There are two kinds of minerals: macrominerals and trace minerals. The macromineral group is made up of magnesium, phosphorus, sodium, potassium, calcium and sulfur and our body needs a large amount of these minerals.

Trace minerals, on the other hand, are the ones that are needed in just a tiny amount, that is, we need just a trace of them in our body. Nevertheless, they are absolutely essential for our body to function in a healthy manner. These trace minerals include chromium, selenium, manganese, zinc, iodine, iron, cobalt, and copper. Scientists still do not know exactly how much of these trace minerals are required for our body to function properly.

Chromium is a trace mineral that is essential for the body's ability to break down carbohydrates, fat, protein and sugar. A chromium deficiency is rare, as the mineral is easily accessible to those who maintain a healthy diet. Chromium is widely available in small quantities in our daily food supply. Some foods that are rich in chromium include fish, poultry, broccoli, carrots, whole-grain, fruits, vegetables, and spices. In contrast, foods high in simple sugars (like sucrose and fructose) are low in chromium. Deficiencies can occur for people who only consume foods that are processed and depleted of nutrients. Also, dietary intakes of chromium cannot be reliably determined because the content of the mineral in foods is substantially affected by agricultural and manufacturing processes.

According to National Institute of Health, adult women in the United States consume about 23 to 29 mcg of chromium per day from food, which meets their adequate intakes unless they're pregnant or lactating. In contrast, adult men average 39 to 54 mcg per day, which exceeds their adequate intakes.

The average amount of chromium in the breast milk of healthy, well-nourished mothers is 0.24 mcg per quart, so infants exclusively fed breast milk obtain about 0.2 mcg (based on an estimated consumption of 0.82 quarts per day). Infant formula provides about 0.5 mcg of chromium per quart. No studies have compared how well infants absorb and utilize chromium from human milk and formula.

Chromium concentration significantly decreases in hair, sweat and blood in our body in old age which might suggest that older people are more vulnerable to chromium depletion than younger adults.

Chromium supplements or multivitamins that include chromium may be helpful in maintaining a proper balance. There have been numerous clinical trials for chromium and its several forms to test its effects on the body. Some studies have indicated that chromium may lower cholesterol levels. Other studies have been done to research the relationship between chromium and insulin.

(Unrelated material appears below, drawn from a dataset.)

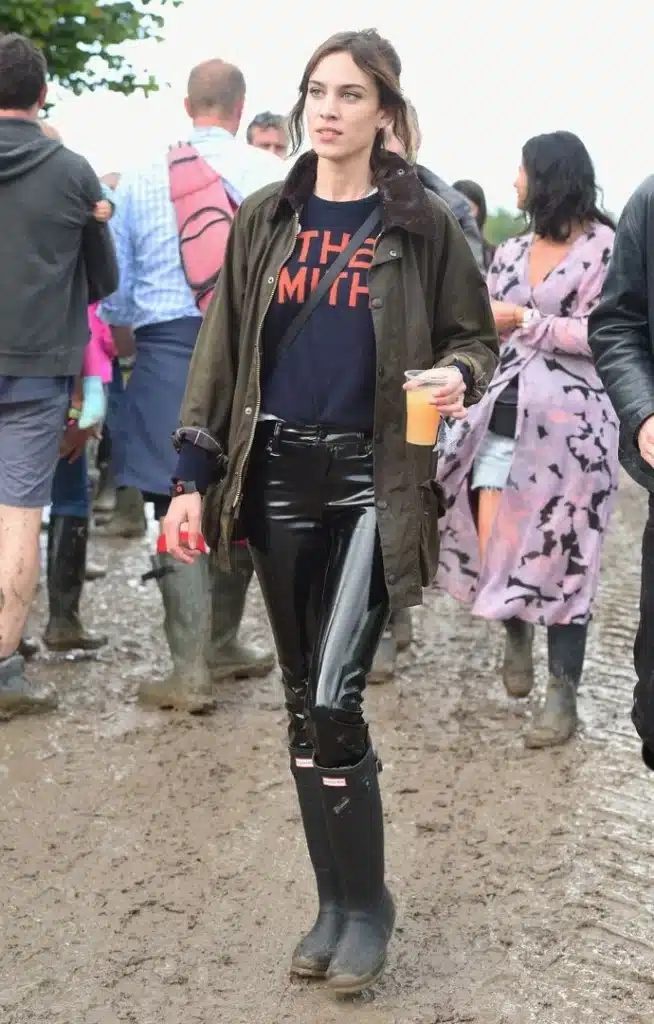 women wearing rain boots at festival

There is clinical evidence that the molecule called glucose tolerance factor (GTF) contains chromium. Some research indicates that GTF plays a crucial role in the cell's sensitivity to insulin. These studies suggest that chromium may help to normalize blood sugar levels. Chromium supplements may help to prevent dropping blood sugar levels for people without diabetes.

Vitamin C assists in the absorption of chromium. Taking excessive amounts of the supplement may impair zinc absorption. Diabetes patients should consult with their doctors before taking chromium supplements to ensure their insulin requirements are not altered.